(WHAT YOU ARE ASKED TO DO):
Pictures aside, copy exactly the lines running from the one with "Fargo Parquet №10" to the end of the records.
<<<<
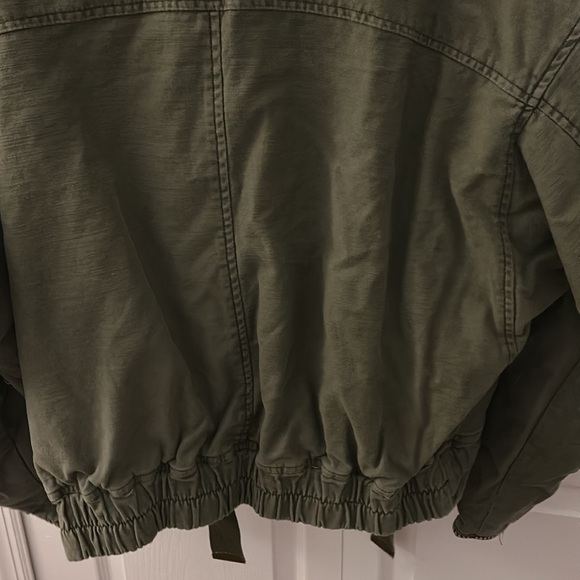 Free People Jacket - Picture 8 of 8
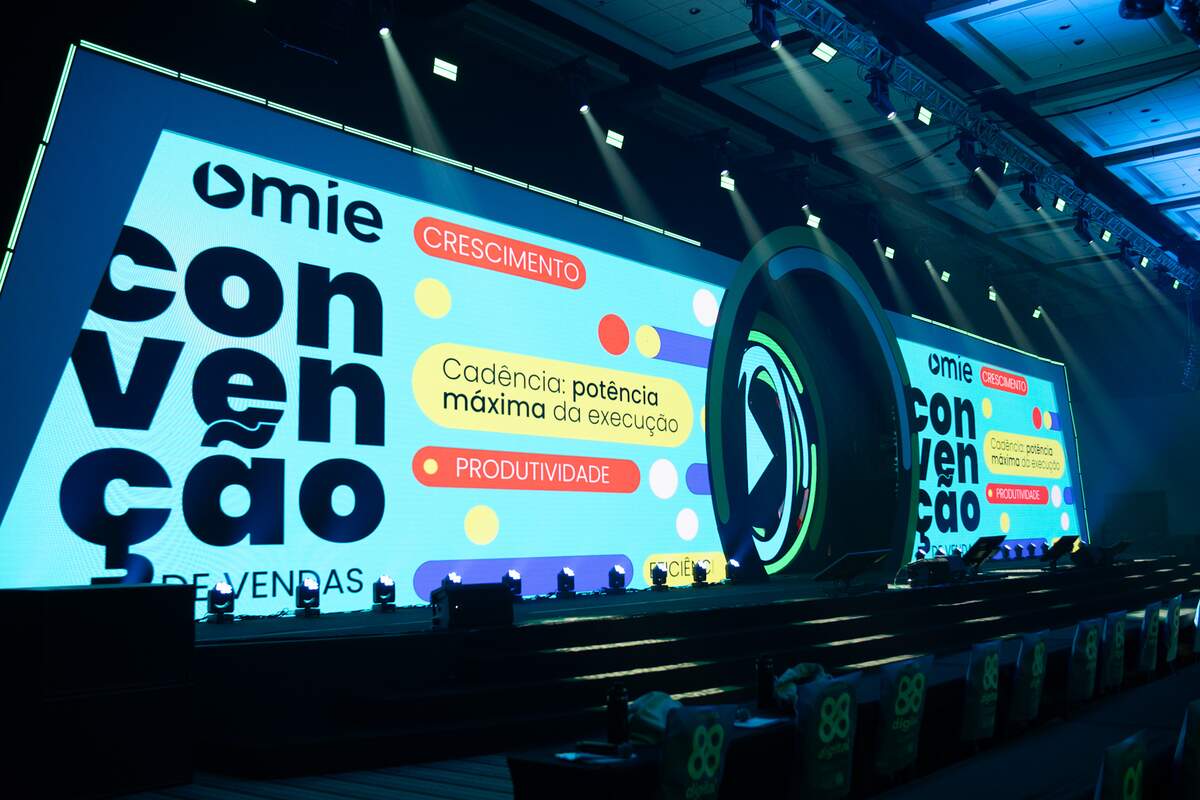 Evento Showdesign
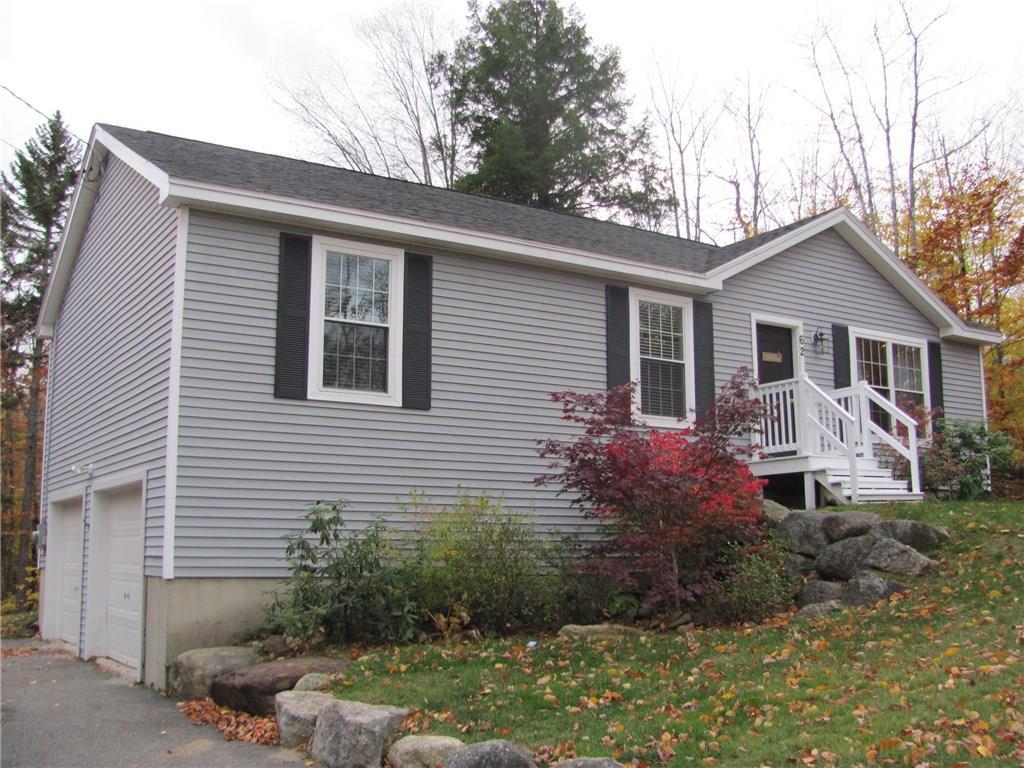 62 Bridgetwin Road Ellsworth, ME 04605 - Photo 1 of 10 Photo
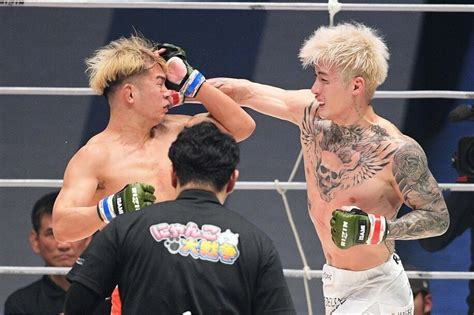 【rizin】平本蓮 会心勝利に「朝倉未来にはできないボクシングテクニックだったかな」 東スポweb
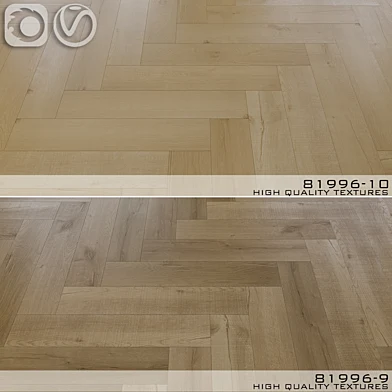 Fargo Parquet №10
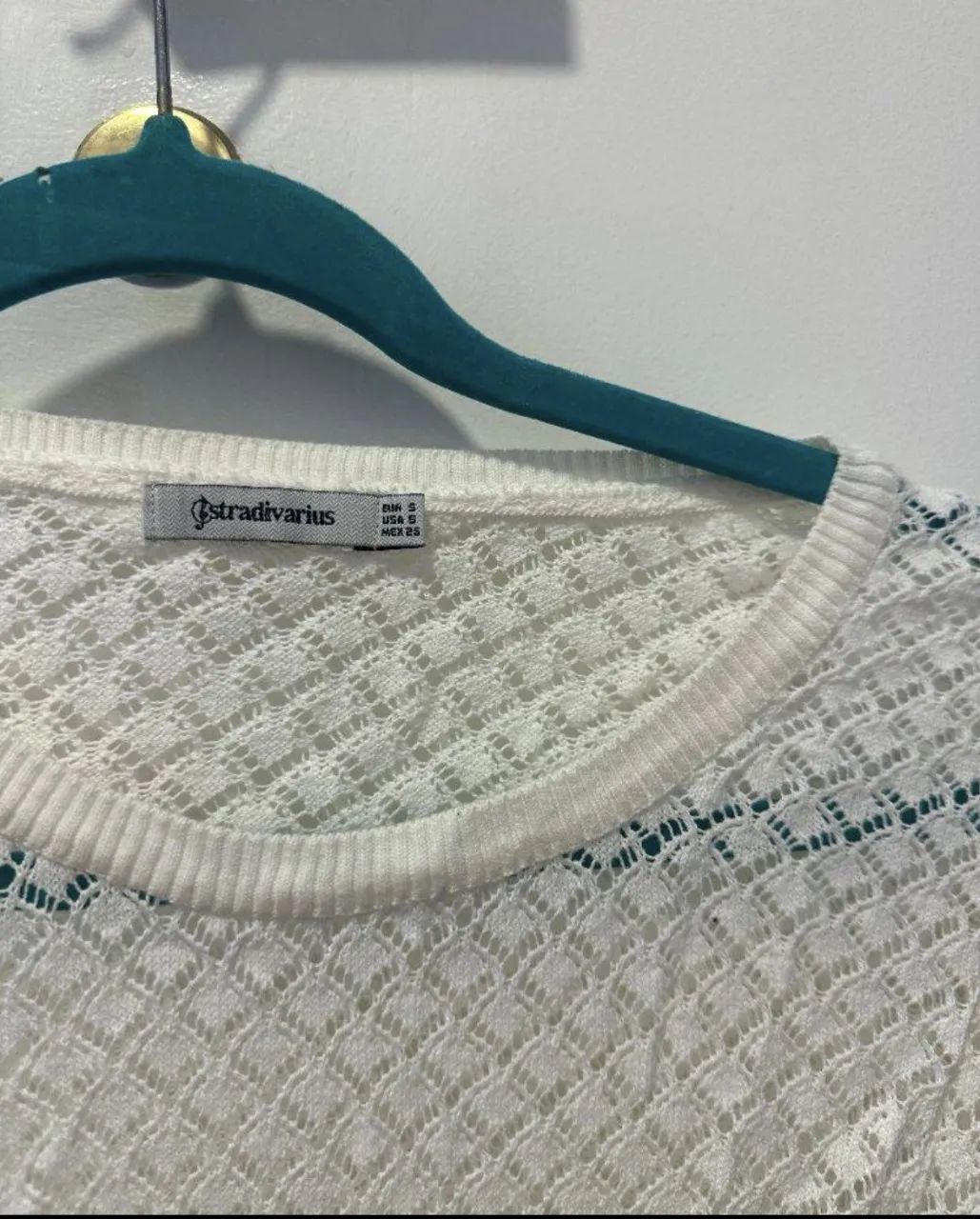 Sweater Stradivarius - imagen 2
>>>>
(OUTPUT FOR THIS TASK):
 Fargo Parquet №10
 Sweater Stradivarius - imagen 2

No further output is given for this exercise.